Work instructions. With pictures excluded, copy word for word the lines in the data below from the line containing "Cour intérieure du" through the line containing "2011 Hyundai Verna".

Source data.
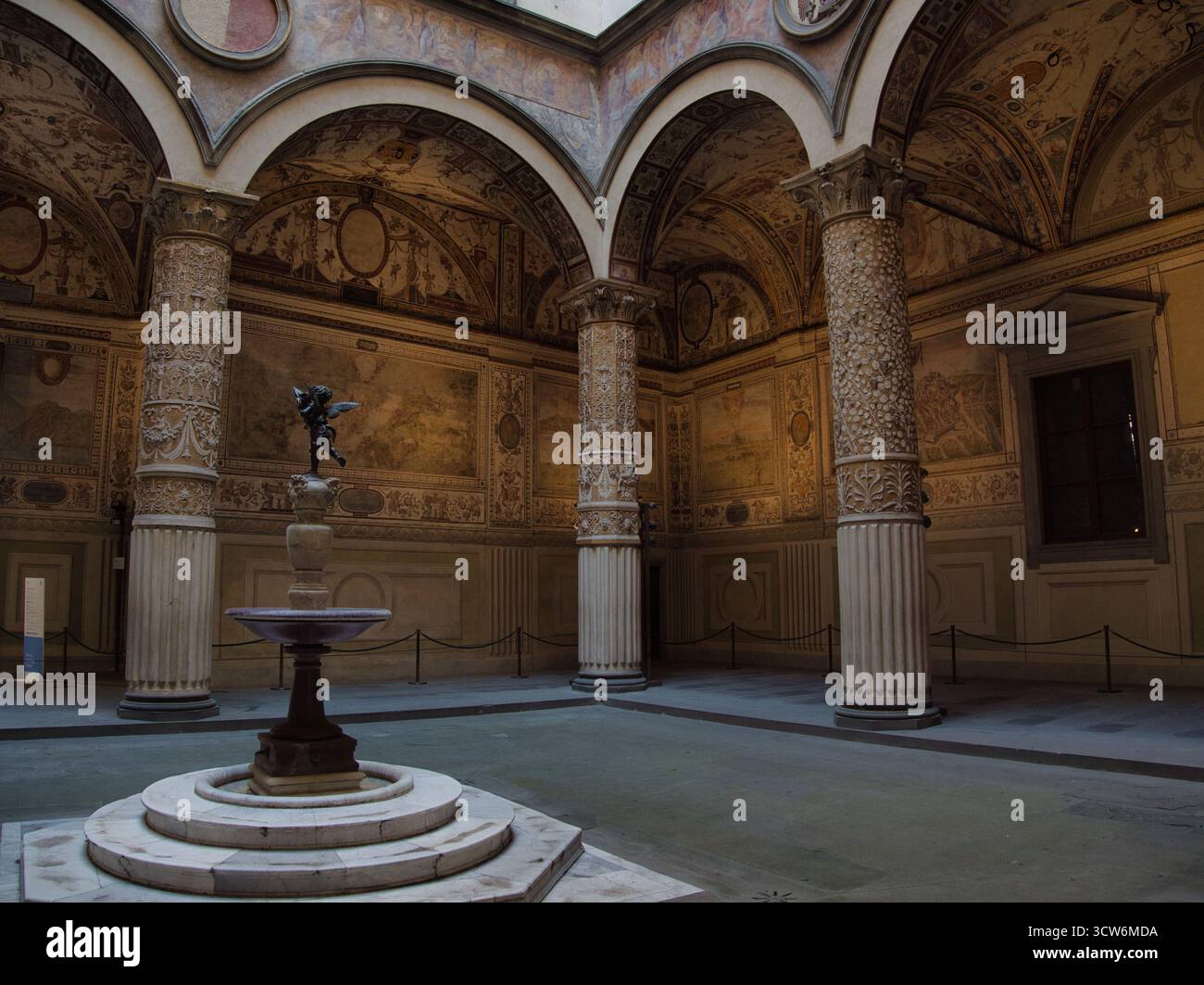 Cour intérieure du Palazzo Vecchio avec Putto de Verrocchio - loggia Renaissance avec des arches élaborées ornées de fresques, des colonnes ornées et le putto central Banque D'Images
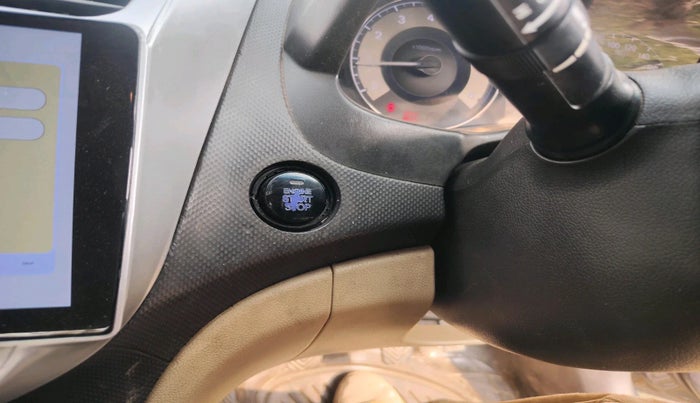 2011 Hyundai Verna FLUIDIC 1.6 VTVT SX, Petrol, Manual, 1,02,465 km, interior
...
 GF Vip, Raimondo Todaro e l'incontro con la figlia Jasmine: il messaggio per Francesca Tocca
...
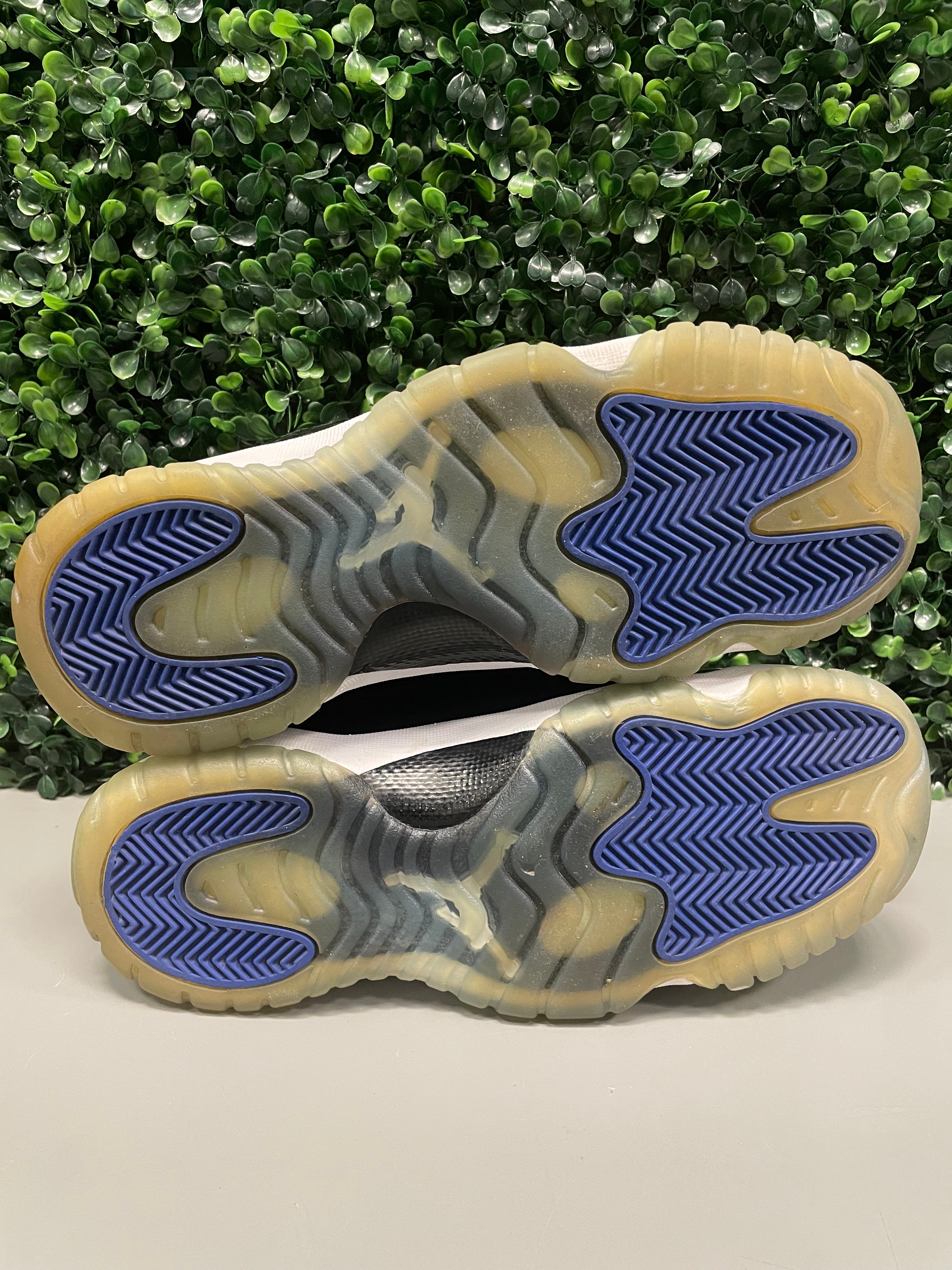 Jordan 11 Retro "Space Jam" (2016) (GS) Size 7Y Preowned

Solution for this task.
 Cour intérieure du Palazzo Vecchio avec Putto de Verrocchio - loggia Renaissance avec des arches élaborées ornées de fresques, des colonnes ornées et le putto central Banque D'Images
 2011 Hyundai Verna FLUIDIC 1.6 VTVT SX, Petrol, Manual, 1,02,465 km, interior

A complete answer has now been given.